1994 Bond Market Collapse

Discussion in 'Economics' started by Longcat1982, Oct 16, 2010.

  1. Can anyone clue me in what went on back then? I was too young pay attention. There seems to be a lot of comparison between now and then and what could happen when the bond "bubble" collapses.

    And from what I've researched, there doesn't seem to have been any significant economic crisis in 1994. Stock market was flat. Unemployment was fairly low and falling. GDP growth was steady. Only things that raised red flags were a VIX spike to 25 and the fed raising interest rates (probably cause of the collapse.)

    Also, did the bond "crisis" in 1994 contribute to the Republicans taking Congress?
     
  2. Try this:

    http://money.cnn.com/magazines/fortune/fortune_archive/1994/10/17/79850/index.htm

    Bacically, it was a bubble fueled by borrowed money/leverage.

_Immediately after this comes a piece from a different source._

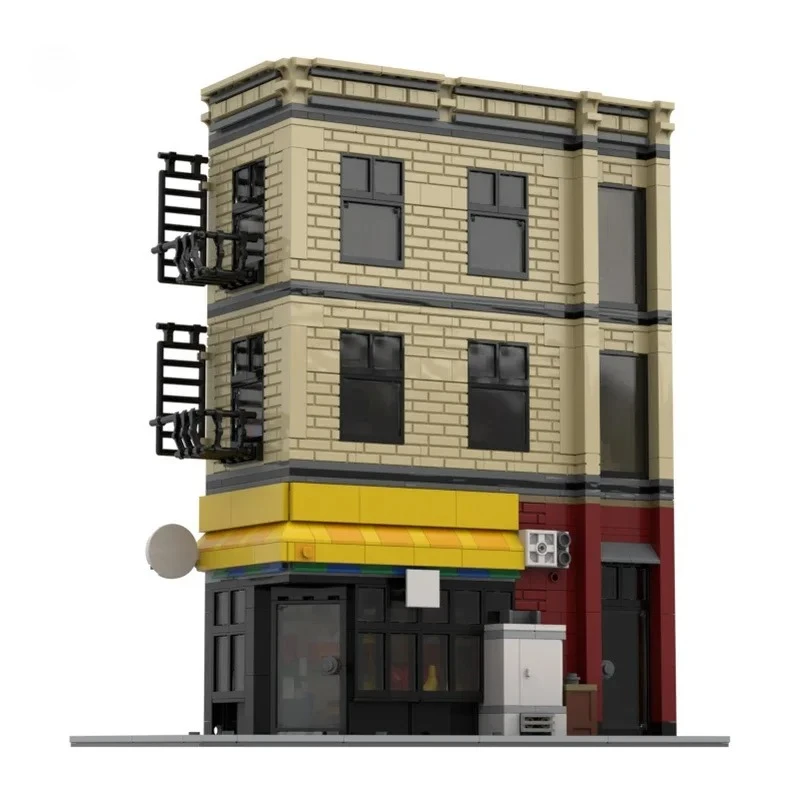 MOC Custom Modular Building Apt & Deli Street View Model Building Block Diy Creative Assembly Educational Bricks Kid Gift Toys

Remember LTCM? Investors who had $1 in the bank got $100 in loans to buy bonds because they sounded like safe bets. Then, when the FED increased the rate by 0.25% many were so leveraged they got margin calls. They had to sell bons to cover margin and this caused a greater plunge, a deleveraging.

    The same will happen to this bond market but the question is, when? It will be an ugly scene with many more ruins than in the previous crisis. Many investors rely on extremely high leverage to maintain their lifestyles. This will end soon. Society has no more resources to maintain anyone's lifestyle as before.

    The plunge of 1994 brought the long bond rate from around 5% to around 7%, I do not recall the exact numbers. Imagine what will happen when the rate goes from 4% to 8%.
     
  3. I recommend reading the article in the link below:

    http://www.derivativesstrategy.com/magazine/archive/1995-1996/1195qa.asp

    Remember that Stan Jonas has cult status on Wall Street for his acumen as a trader of derivatives. Nassim Taleb calls him a genius , etc... He wrote this all in 1995, long before we had the credit crisis, but it seems like his suggestions would have avoided one in the sense of how positions are accounted for (and never allowed leverage to grow as it did). Obviously Wall Street didn't want what he suggested.

    Jonas' view is very insightful, though I was not trading at the time, you read this article and it's very interesting how today's Market could be seen as lining up for a similar selloff in treasuries, and other instruments because of the high degree of correlation we have with the low rates. In my opinion, this time precipitating a decline in equities and high yield bonds and convertibles because the income stream from going long treasuries disappears... and so on.
     
  4. Visaria

    Visaria

    I was in college and trading options. Almost lost my whole acct (wasn't much, about £5k) by buying puts and selling them out for a loss. I was basically fighting the rise of the stock market, I think it looked overvalued (yes was a fundamentalist then). Had maybe £1k left. Stuck it all on FTSE puts, fed announced surprise rate hike, market tanked and kept going. Cashed out way too early on the puts (had to revise for exams!), but doubled my acct to £10k.

    edit: Yes, it was the surprise rate hike that caused the bond market to collapse (and the stock market with it).